If the
National Institute of Standards and Technology ever wants to create the definitive standard for "comparison shopper," all they need to do is get a bell jar, create a vacuum therein, chill to zero degrees Celsius, and send for a senior citizen looking for a dictionary.
I love dictionaries. The staff knows I love dictionaries. And whenever a person wants a dictionary, I can help. Unless the customer is a senior citizen. Then all certainties vanish, the world is flat again, and I am peering into the abyss.
I have come to dread a staffer saying, “We have a senior citizen who needs your help with a dictionary.”
“May I help you?” I ask the woman, who seems to be about 70.
“I want a dictionary. Mine is old. What do you recommend?”
I reach for the
American Heritage Dictionary of the English Language. “I recommend this,” I tell her. “It has definitions of the new words in the language and excellent notes on usage. And it has pictures.” I open it for her. “It’s designed to be browsed.”
“Pictures turn me off,” she says. “And there’s too much white space. It’s wasted space. They could have used that space to put in more words.” She pokes at a
Merriam-Webster’s Collegiate Dictionary as if it were an under-ripe cantaloupe in the produce section. “What about this? How many words are defined?” I say it has more than 200,000 definitions. “I know it has more than 200,000 definitions. I just read that. How many words does it define?”
“It doesn’t say.”
“How am I supposed to make a comparison if all the dictionaries are shrink-wrapped? How about the
Oxford American Dictionary?"
“Well, you can’t go wrong with Oxford.”
“What do they know about American English? They’re British, aren’t they? Why aren’t they writing about British English? Don’t they do that anymore? How many words are defined in this one? If I’m going to buy a dictionary, I want the most words per dollar spent!”

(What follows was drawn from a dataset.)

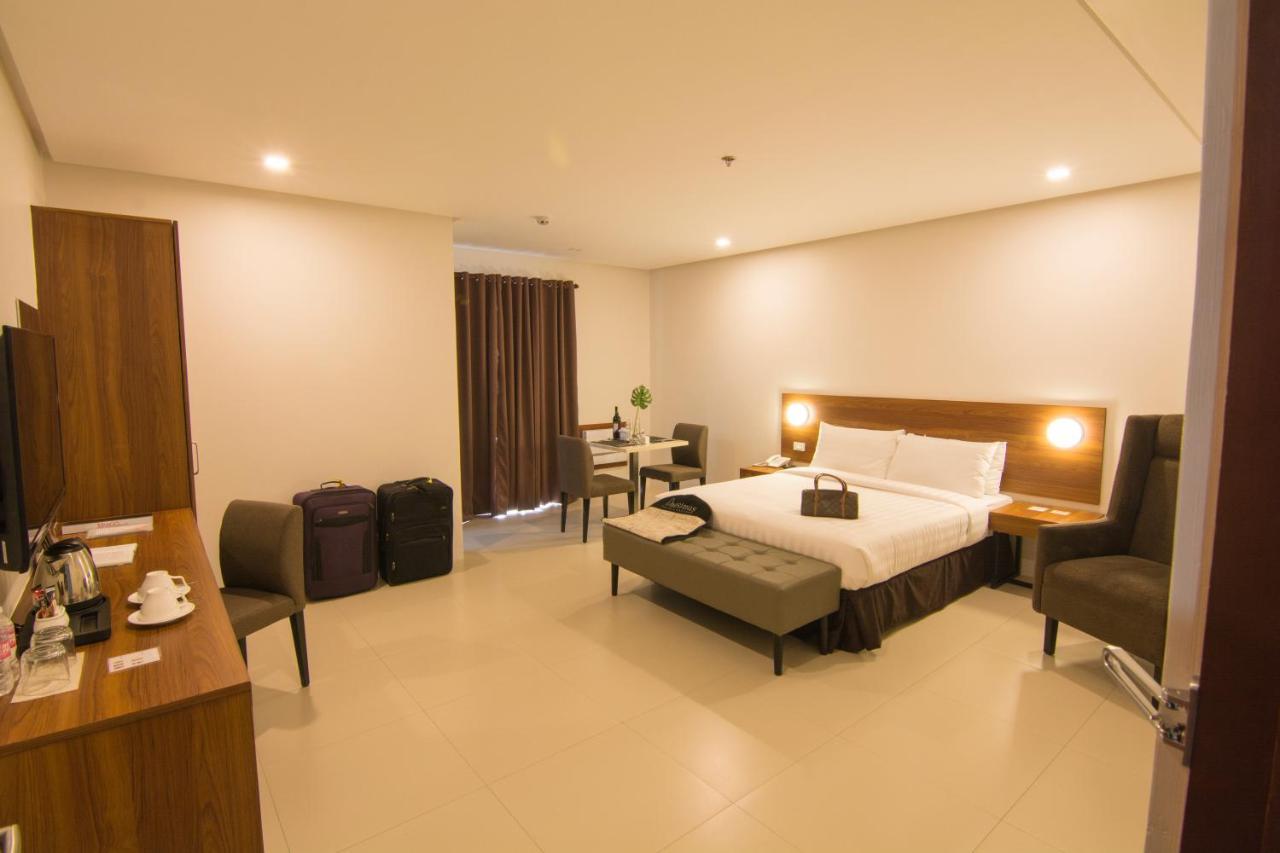 Mango Suites Cauayan Ngoại thất bức ảnh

I’m wishing I had some cold rags to apply to my forehead, when suddenly I flash back to fourth grade and the word problems: “P-doobie wants a dictionary. The
American Heritage Dictionary costs $59.73 and defines 90,000 words and 10,000 new words.
The Oxford American Dictionary costs $62.98 and defines 107,000 words. If each dictionary leaves its respective station at 10:15 a.m. . . . . "
I snap back from my reverie. “The cover says it has more than 204,000 definitions.”
“I know how many definitions it has. I just read that, and then you read it to me. How many words does it define?”
“Doesn’t say.”
“I want to look inside both of these. I want to know whether they define the word
goth with a lower-case
g. And they better have the definition of
emerods in them.” The dictionaries are shrink-wrapped, and my handy
Swiss Army classic is in my jacket pocket back in the office, and going to get a box cutter right now is a really,
really,
really bad idea. I turn my back to her and gnaw a starter hole in the shrink-wrap. I pull off the shrink-wrap and hand her the dictionaries. She pokes and prods them. “I wish I knew which one has more words. I want a lot of words, but I can’t lift an unabridged dictionary.”
“This one has a CD-ROM you can use in your computer,” I suggest helpfully.
“Do I look like I have a computer in the house?”
“No, ma’am.”
She hefts
American Heritage and
Oxford English. "I guess I’ll take this one," she sighs, handing me the
American Heritage. I start to ring her up.
“That will be . . . .”
“Wait! Does it come in paper? It’s very heavy.”
“Yes, ma’am.” We return to the dictionaries, and I hand her the paper version.
“The print is too small! Doesn’t it come in a large print edition?”
“Yes, ma’am, but it has only 35,000 definitions.”
“No good. I’ll just take this one.” She flips through it to make sure that there’s a definition of
goth with a lower case
g, and smirks. She murmurs to herself, “I’m going to whip their butts in Scrabble down at the senior center.”